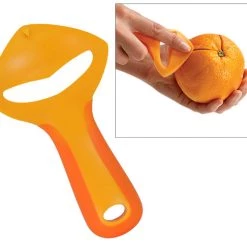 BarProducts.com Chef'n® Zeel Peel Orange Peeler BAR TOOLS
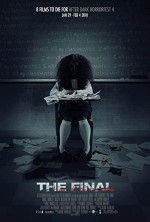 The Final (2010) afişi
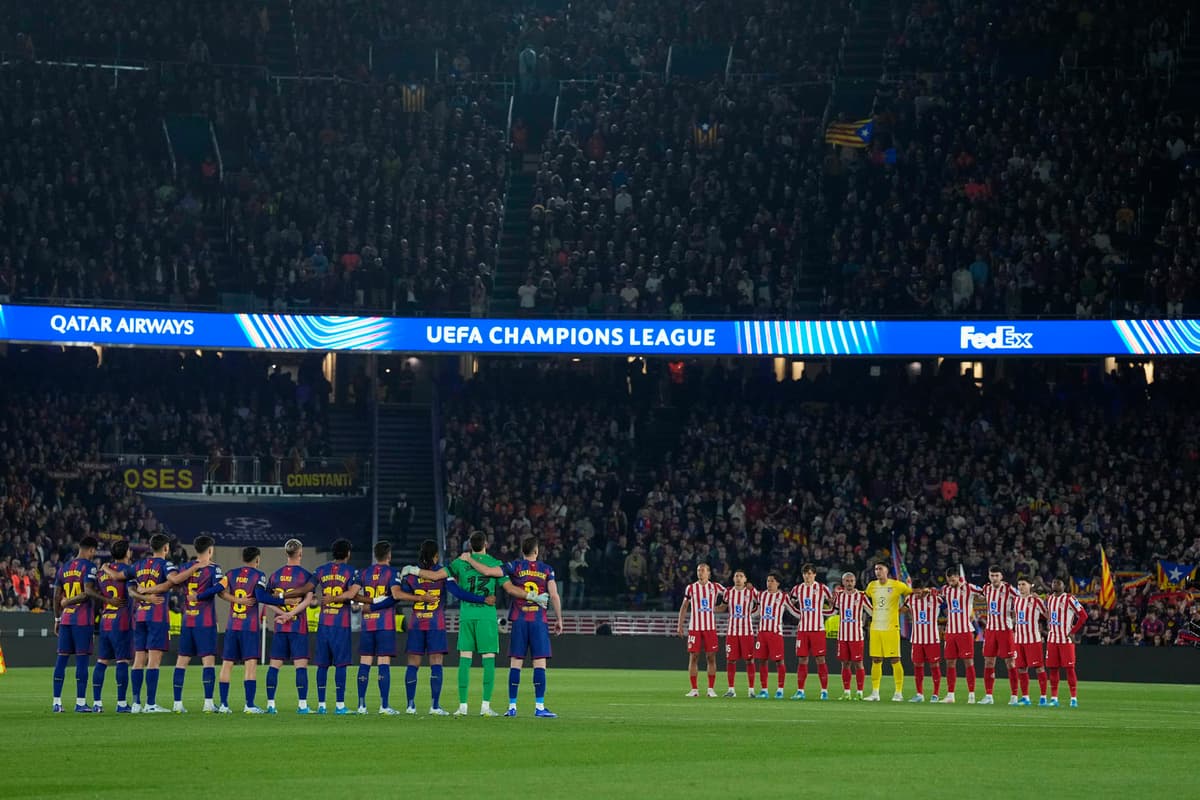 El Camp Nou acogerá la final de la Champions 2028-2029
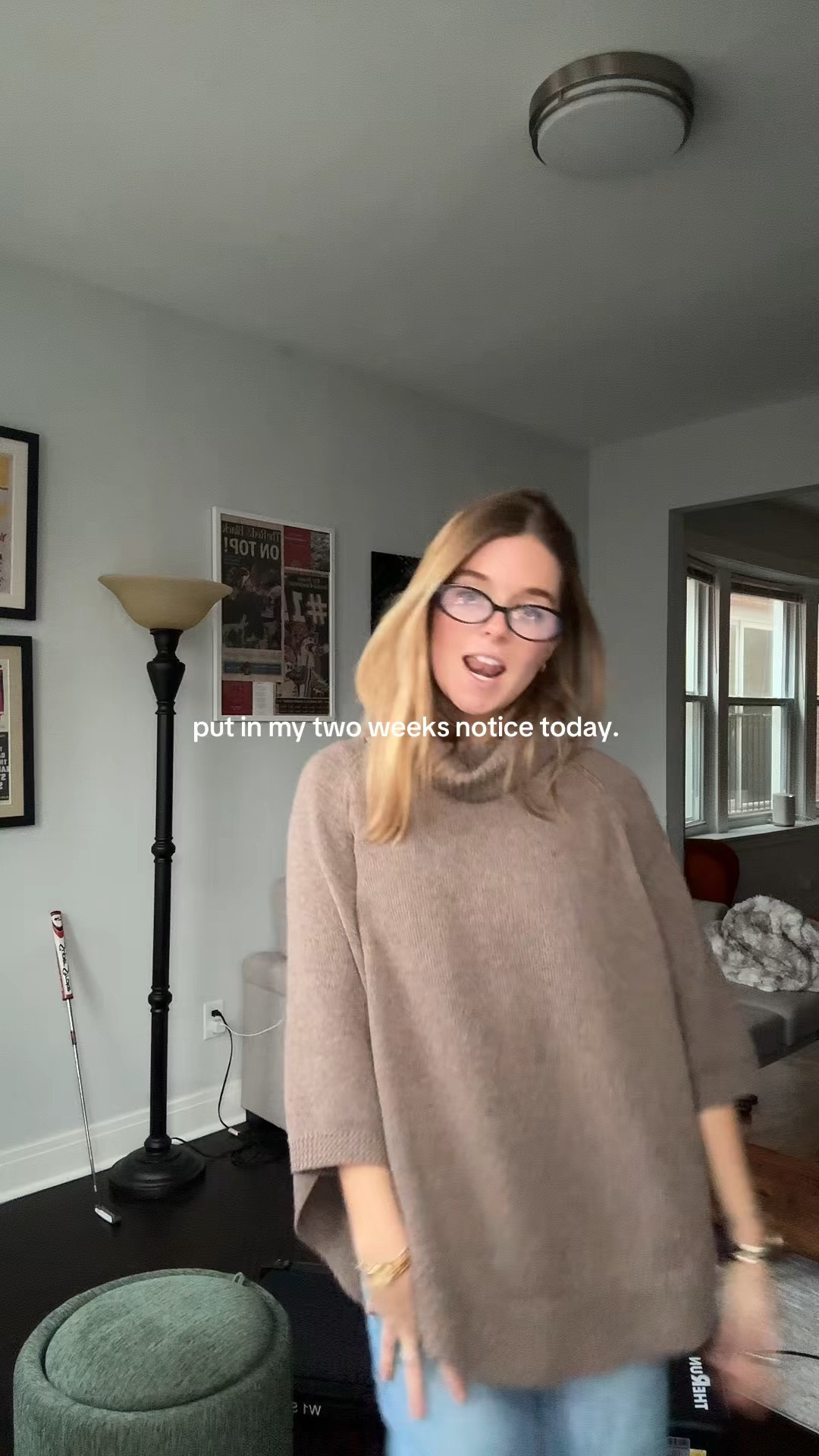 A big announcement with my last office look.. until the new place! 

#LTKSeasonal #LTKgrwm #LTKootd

==

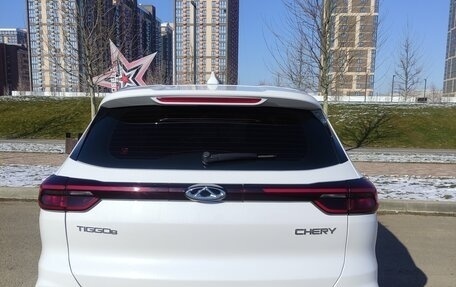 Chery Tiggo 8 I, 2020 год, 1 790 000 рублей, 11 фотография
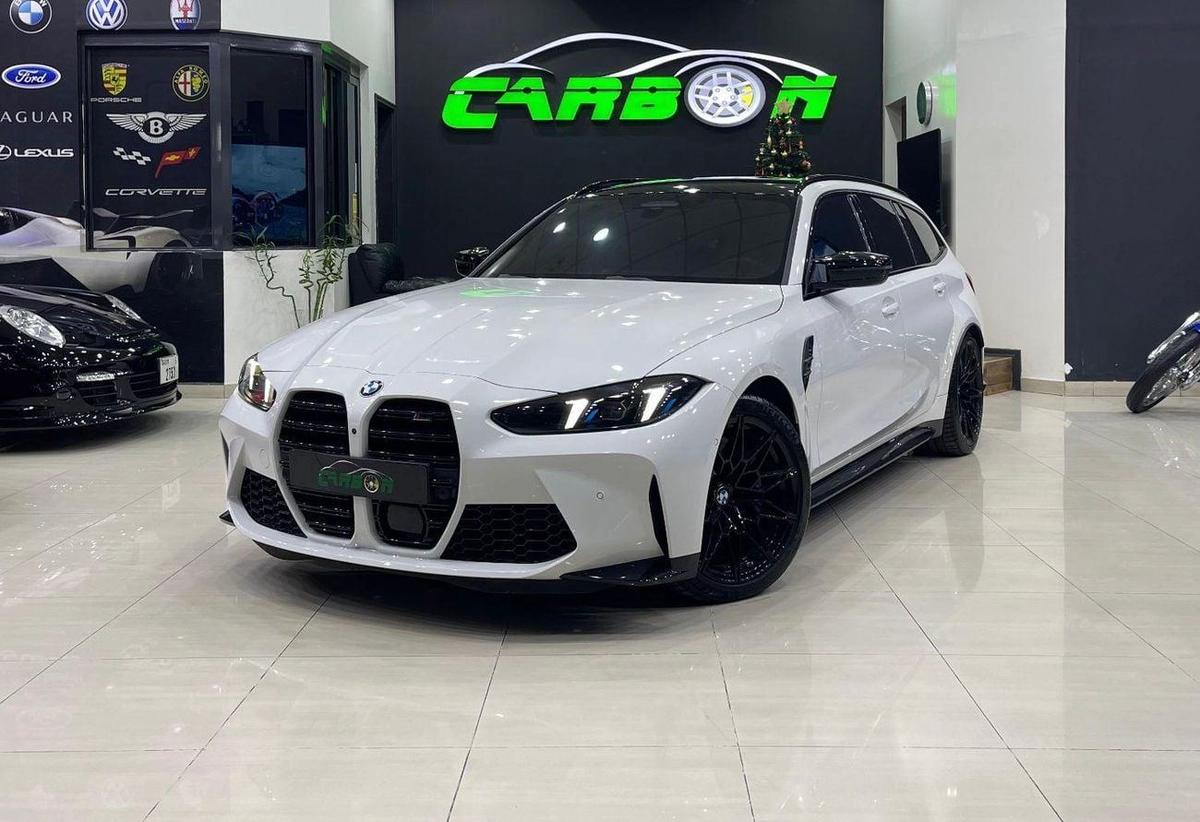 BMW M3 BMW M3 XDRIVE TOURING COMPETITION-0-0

_Work instructions_: Leaving all pictures out, output exactly the lines of the material above from the line with "A big announcement" to the line with "#LTKSeasonal #LTKgrwm #LTKootd", both included.

_Written solution_:
 A big announcement with my last office look.. until the new place! 

#LTKSeasonal #LTKgrwm #LTKootd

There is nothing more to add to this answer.